Manchester "Man-Ape" Evades Heavy Police Dragnet at Piccadilly Station... Sasquatch Prefers First Class.
BigFoot spotted again in central Manchester, sparks frantic ape-man-hunt by police.
Erk Holohed, a passenger on the Manchester 17:30 Virggin Train to London, took this amazing photo of BigFoot hiding out in the first class car, eluding animal control officers and train station security.
"There I was, reading the Financial Tymes - - it may be pink but it's not red! Get it? Not 'red'? Ha ha ha ha ha ha! A little capitalism joke there. Right. So I put the FT down to grab my usual double bloody-mary from the table and promptly receive the shock o' me life! That hairy ape-man was sittin' right across from me! The odour radiating from that beast was quite beyond description, really. Enough to make one swear off tomato juice forever. The hairy man seemed anxious, and kept glancing out the window at all the security types running around - - like he was a fugitive on the run. I figured he was a Chelsea football fan, or another Yank billionaire looking to buy a Premier club.

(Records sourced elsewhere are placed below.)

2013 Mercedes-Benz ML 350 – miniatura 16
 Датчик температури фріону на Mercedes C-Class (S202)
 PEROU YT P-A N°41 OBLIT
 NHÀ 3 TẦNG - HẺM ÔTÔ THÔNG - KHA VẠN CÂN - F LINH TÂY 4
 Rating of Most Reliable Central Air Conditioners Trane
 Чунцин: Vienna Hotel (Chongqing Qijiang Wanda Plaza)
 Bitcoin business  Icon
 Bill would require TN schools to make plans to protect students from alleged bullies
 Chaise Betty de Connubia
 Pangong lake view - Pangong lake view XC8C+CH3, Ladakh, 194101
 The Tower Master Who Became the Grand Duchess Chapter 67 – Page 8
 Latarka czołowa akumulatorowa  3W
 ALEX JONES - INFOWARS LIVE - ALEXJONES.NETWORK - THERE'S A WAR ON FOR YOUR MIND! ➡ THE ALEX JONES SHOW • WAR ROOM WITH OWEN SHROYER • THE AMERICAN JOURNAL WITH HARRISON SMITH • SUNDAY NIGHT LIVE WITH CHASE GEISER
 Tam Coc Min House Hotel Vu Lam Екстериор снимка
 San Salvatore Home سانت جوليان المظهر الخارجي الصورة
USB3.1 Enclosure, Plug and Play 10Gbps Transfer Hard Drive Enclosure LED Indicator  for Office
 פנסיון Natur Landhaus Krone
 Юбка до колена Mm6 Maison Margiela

When the train pulled out of the station I looked up but the creature was long gone, only the stench remained."
Virggin Trains could not be reached for comment, but released a short statement that the first class carriage involved "is being systematically decontaminated, cleaned, sterilized, fumigated, irradiated, re-upholstered and incinerated, and will return to normal service in a fortnight after health inspector approvals."
Manchester BigFoot Takes Revenge Upon Local Pigeons!
Just hours before the Piccadilly Station police alert, a local shopper took this incredible photo of the Manchester man-ape roaming Piccadilly Gardens. "He wuz just hangin' around the square when he spotted them pigeons - - he suddenly turned quite nasty and mean - - deliberately scarin' them poor pigeons and makin' faces at them. Now our poor Piccadilly pigeons are quite edgy and traumatized. I think that bigfoot beast has a grudge against Manchester pigeons! Like he was takin' revenge on 'em for some reason. Them pigeons and that sasquatch creature really don't get along, to be honest."
1 comment:
I'm sending Joe Bob and Elmer to investigate the British Sitings.
They are great at determining if this is a sasquatch or just another Belgian tourist.
I'm busy touring the wine country with some guy named Morimoto. Keeps babbling something about the Chairman and Godzilla sushi rolls.
I've hired Krass Fffellps for a mere $3000 again to hunt for the lizard. I think the lizard was scared out of the vineyards by some sasquatch aroma. Preferred radioactivity in Tokyo to Bigfoot Breath.